--- START ---

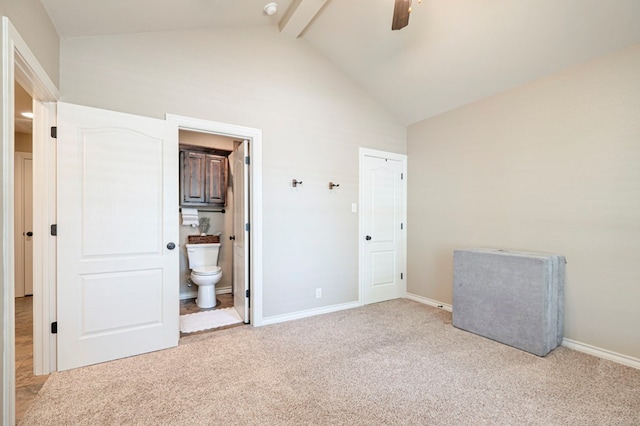 unfurnished bedroom with beam ceiling, ensuite bathroom, ceiling fan, and light carpet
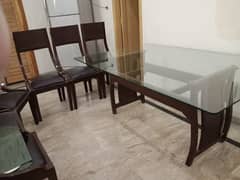 Dining table with stainless glass and six chairs 0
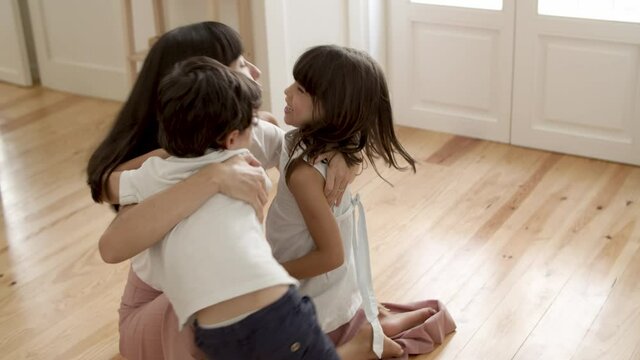Happy mom hugging and kissing little kids. Boy and girl meeting mother at home. Family and parenthood concept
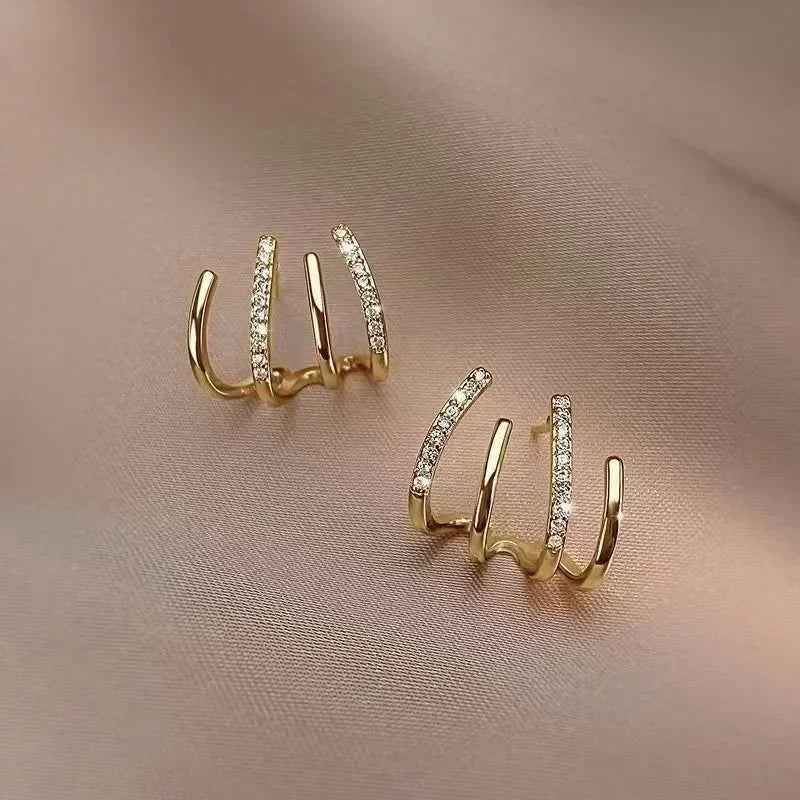 Dainty Shimmering Claw Huggie Earrings - Veinci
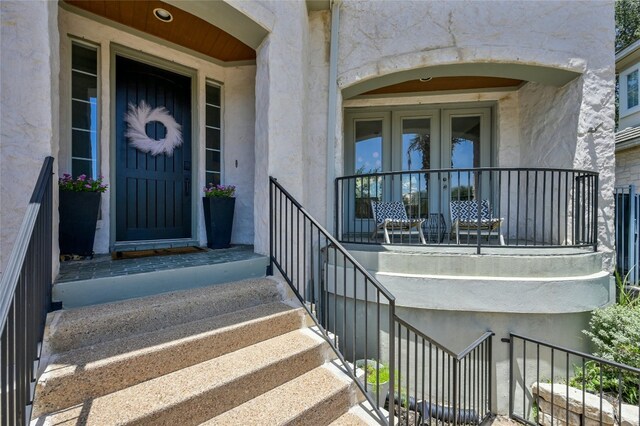 4332 Canoas Dr, Austin, TX 78730 - entrance to property with stucco siding and french doors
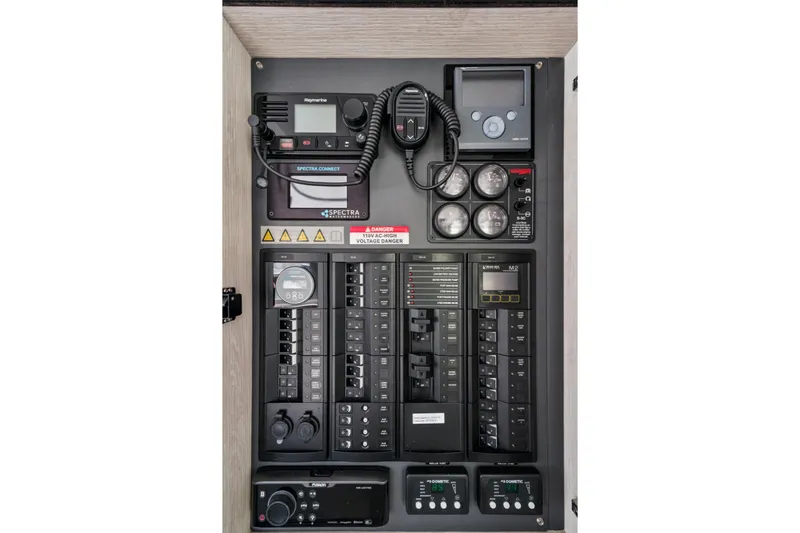 Slide: The Image of Electrical control panel of a 2021 Leopard 45 yacht, featuring various switches and gauges. - 106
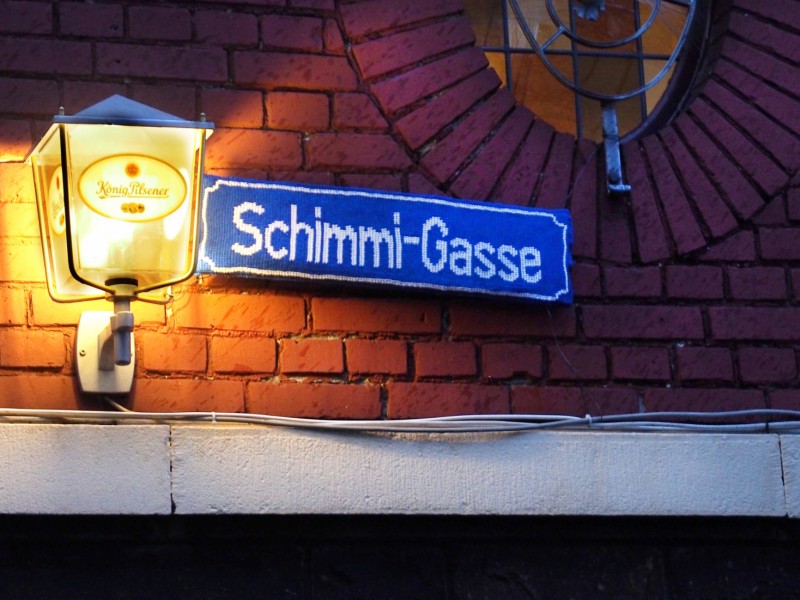 Ein gehäkeltes Straßen-Schild: die Schimmi-Gasse in Ruhrort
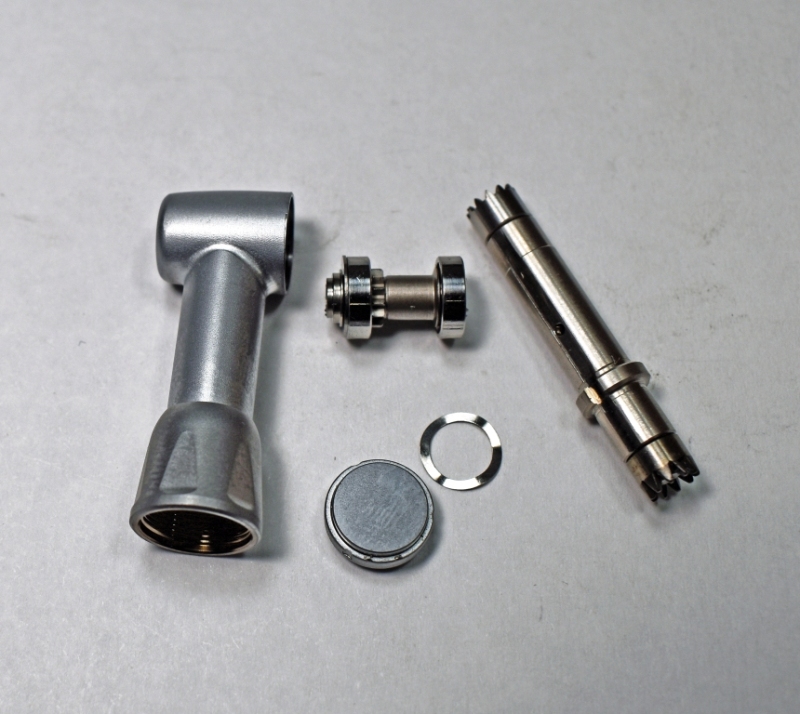 Disassembled latch head with shaft.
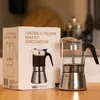A coffee maker and its packaging are displayed on a wooden table. Produktbild-Vorschau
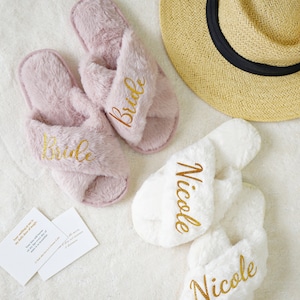 May include: A pair of light pink fluffy slippers embroidered with the word "Bride" in gold, and a pair of white fluffy slippers embroidered with the name "Nicole" in gold. A straw hat with a black band is also in the image.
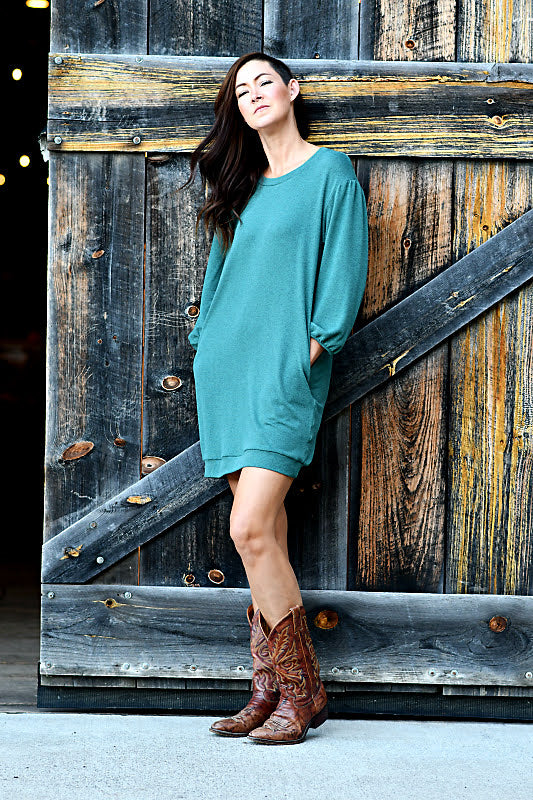 This adorable sweater dress is the perfect transitional dress for the change of the seasons! The details include a round neck, 3'4" sleeves and is so soft and comfortable.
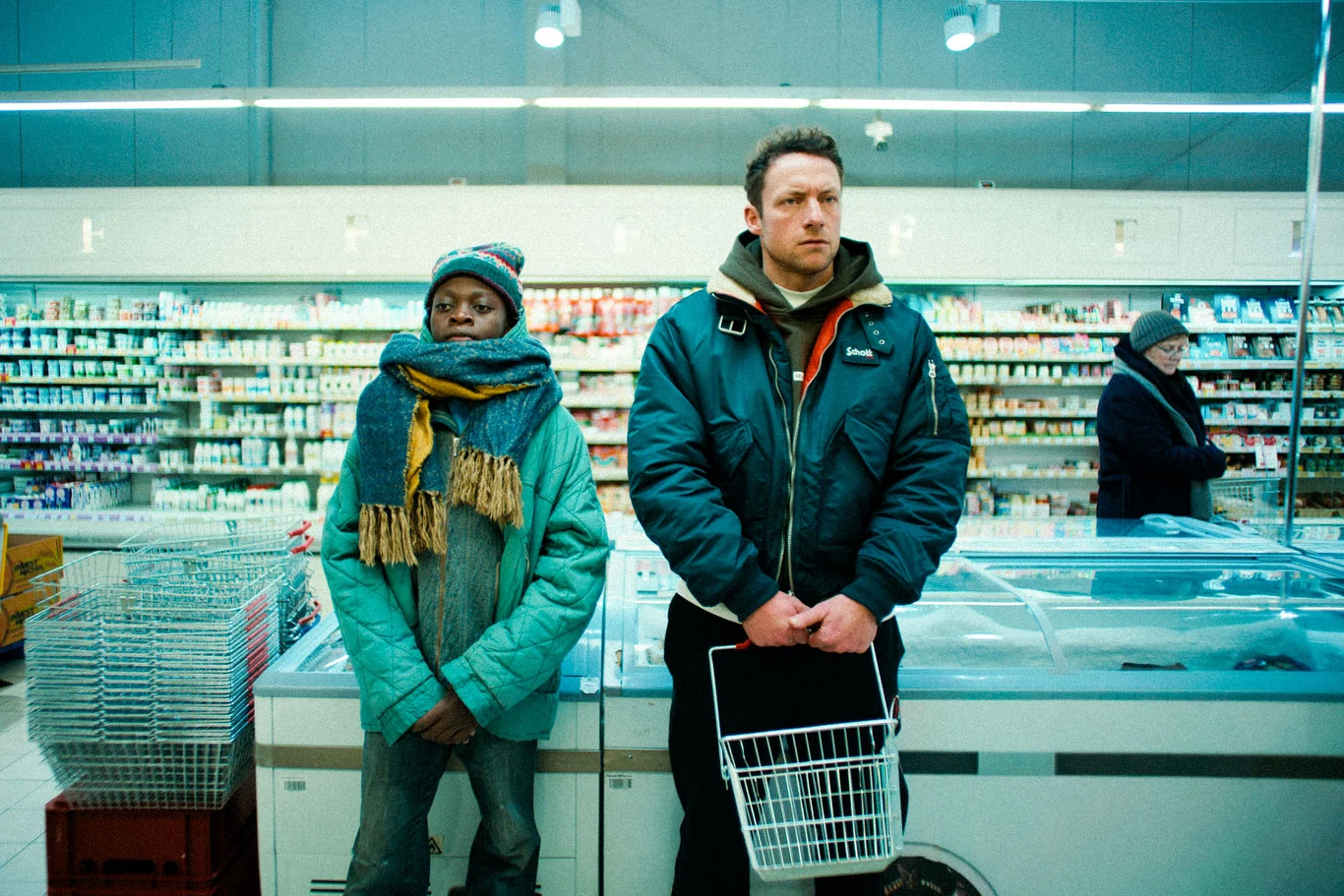 Samson Owino Ochieng i Konrad Eleryk na planie "Dobrych chłopaków" Dwóch mężczyzn stoi obok siebie przed lodówką w supermarkecie, jeden ubrany w ciepłą kurtkę i czapkę, trzyma pusty koszyk na zakupy, drugi ubrany w turkusową kurtkę i szalik, również w czapce zimowej. W tle regały chłodnicze z nabiałem oraz stojąca z b...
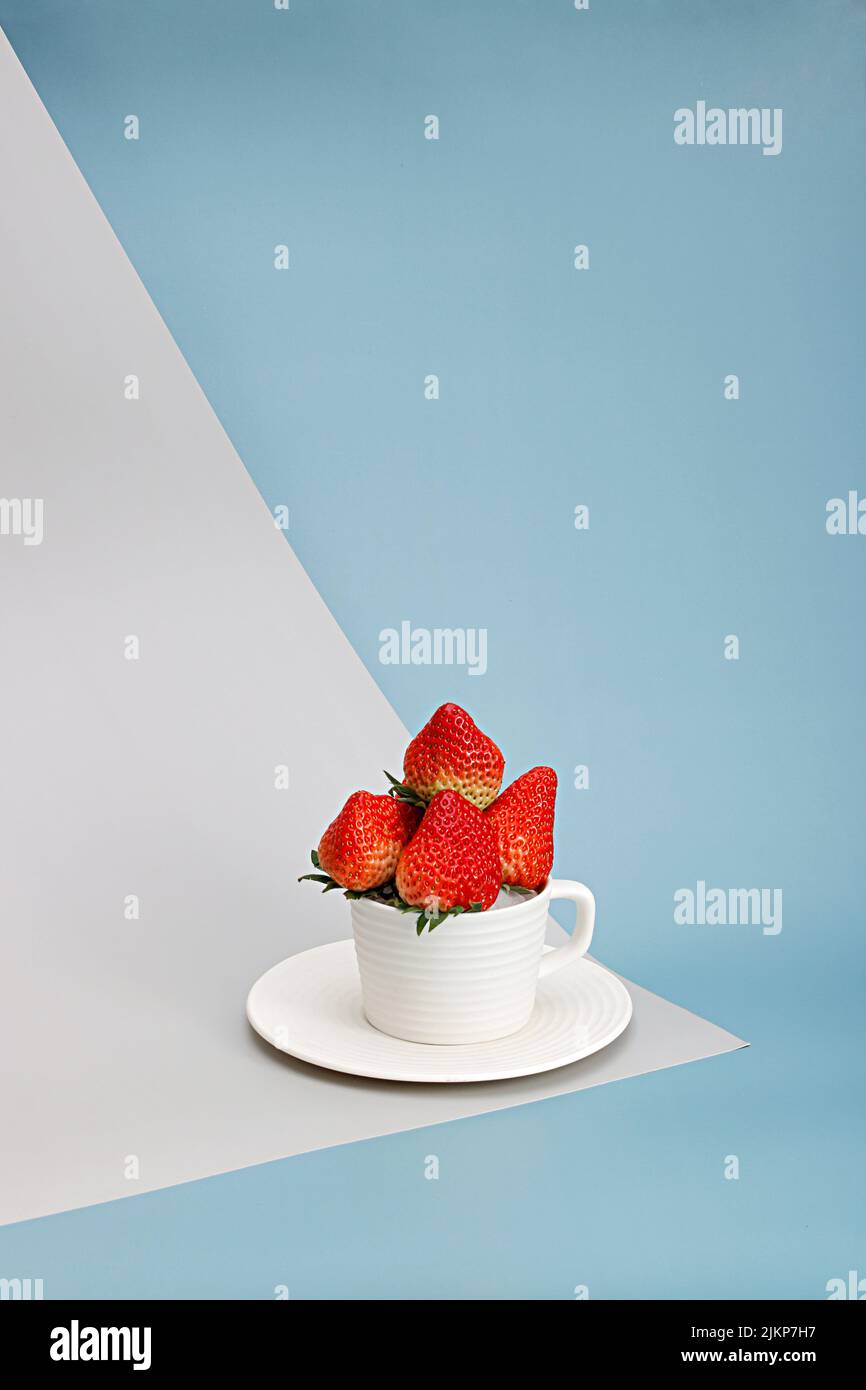Eine vertikale Komposition aus Erdbeeren in einer Tasse auf blauem Hintergrund Stockfoto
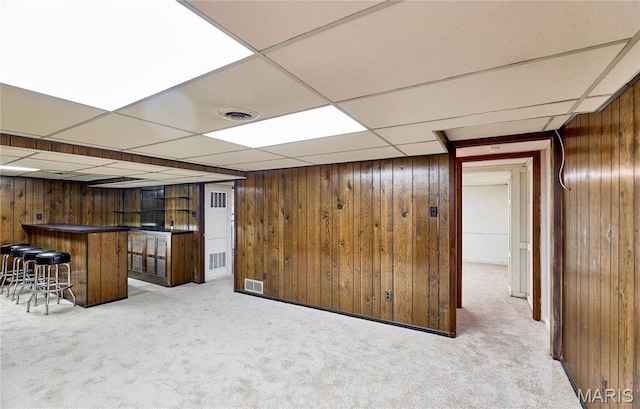 indoor bar with wooden walls, carpet flooring, and a paneled ceiling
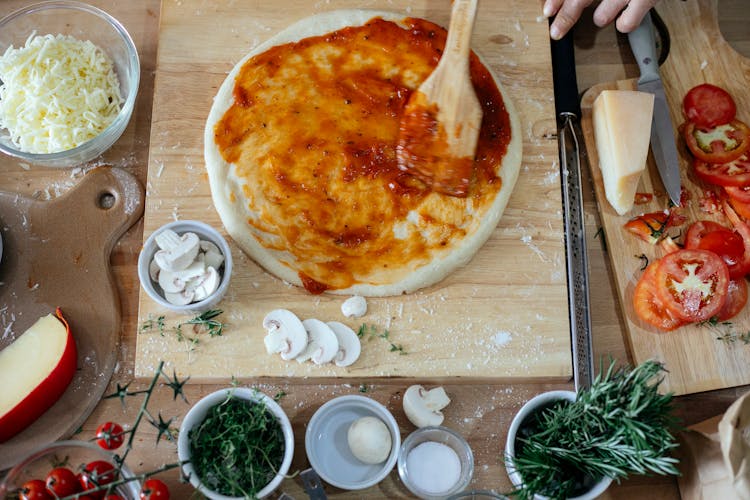 Process Of Preparing Pizza On Table With Fresh Ingredients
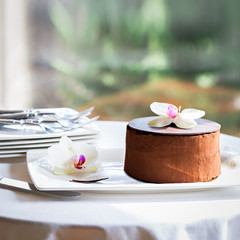 Delicious chocolate cake on white table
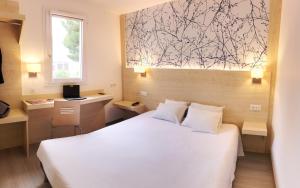 Un dormitorio con una cama blanca y un escritorio y una ventana. en Kyriad Direct Perpignan Nord - Aéroport, en Rivesaltes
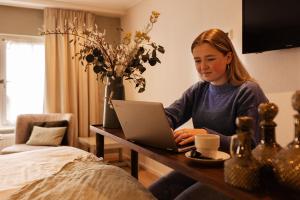 une femme assise à une table avec un ordinateur portable dans l'établissement Boutique Hotel Elburg met Tapperij, à Elburg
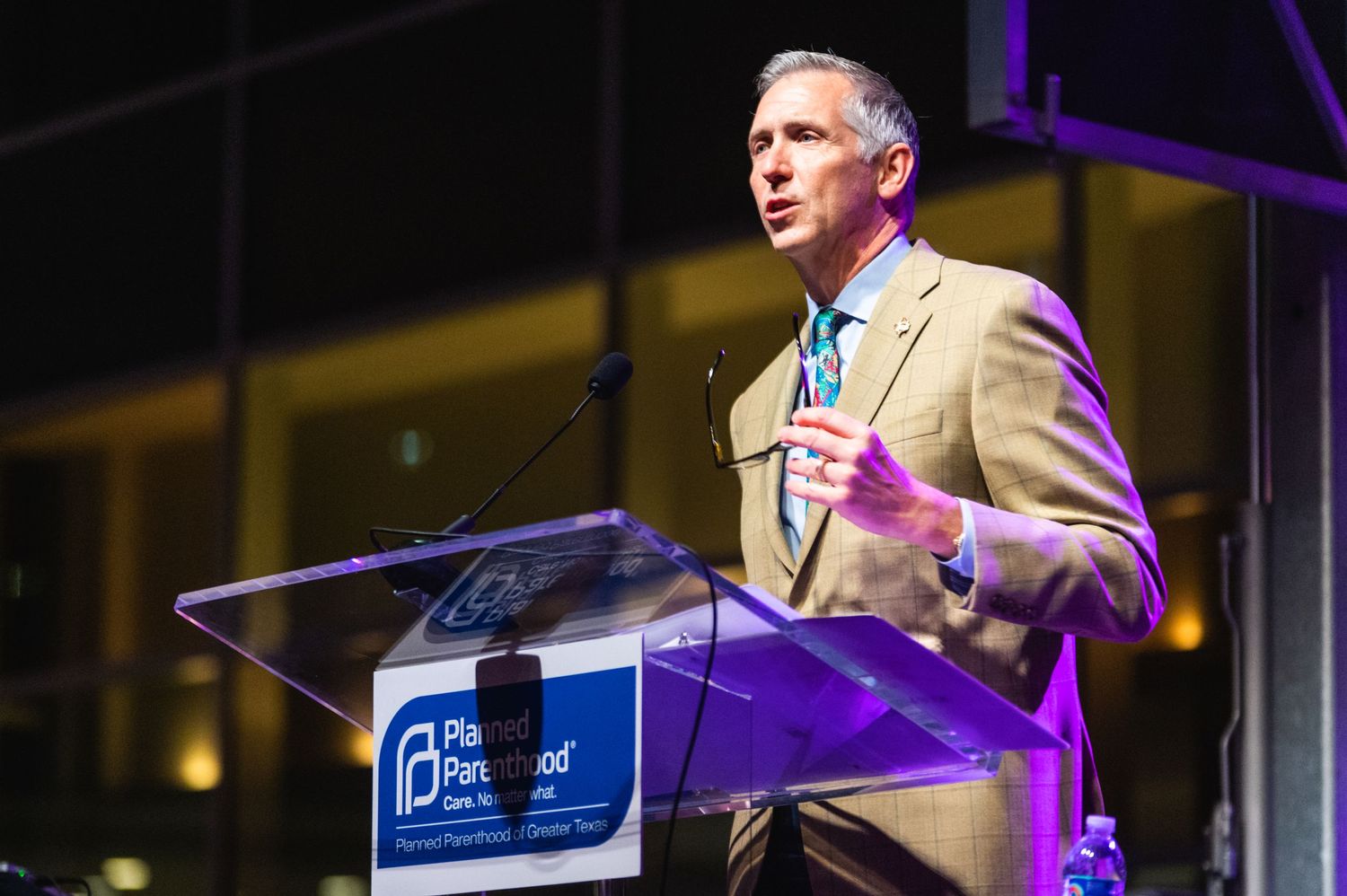 Speaker in beige suit gestures while delivering remarks at branded podium under purple lighting.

--- END ---

- **Problem description**:
Starting from the line containing "Ein gehäkeltes Straßen-Schild: die", repeat each line exactly through the end of the entries, including the last, while leaving pictures out.

- **Result for this exercise**:
 Ein gehäkeltes Straßen-Schild: die Schimmi-Gasse in Ruhrort
 Disassembled latch head with shaft.
A coffee maker and its packaging are displayed on a wooden table. Produktbild-Vorschau
 May include: A pair of light pink fluffy slippers embroidered with the word "Bride" in gold, and a pair of white fluffy slippers embroidered with the name "Nicole" in gold. A straw hat with a black band is also in the image.
 This adorable sweater dress is the perfect transitional dress for the change of the seasons! The details include a round neck, 3'4" sleeves and is so soft and comfortable.
 Samson Owino Ochieng i Konrad Eleryk na planie "Dobrych chłopaków" Dwóch mężczyzn stoi obok siebie przed lodówką w supermarkecie, jeden ubrany w ciepłą kurtkę i czapkę, trzyma pusty koszyk na zakupy, drugi ubrany w turkusową kurtkę i szalik, również w czapce zimowej. W tle regały chłodnicze z nabiałem oraz stojąca z b...
Eine vertikale Komposition aus Erdbeeren in einer Tasse auf blauem Hintergrund Stockfoto
 indoor bar with wooden walls, carpet flooring, and a paneled ceiling
 Process Of Preparing Pizza On Table With Fresh Ingredients
 Delicious chocolate cake on white table
 Un dormitorio con una cama blanca y un escritorio y una ventana. en Kyriad Direct Perpignan Nord - Aéroport, en Rivesaltes
 une femme assise à une table avec un ordinateur portable dans l'établissement Boutique Hotel Elburg met Tapperij, à Elburg
 Speaker in beige suit gestures while delivering remarks at branded podium under purple lighting.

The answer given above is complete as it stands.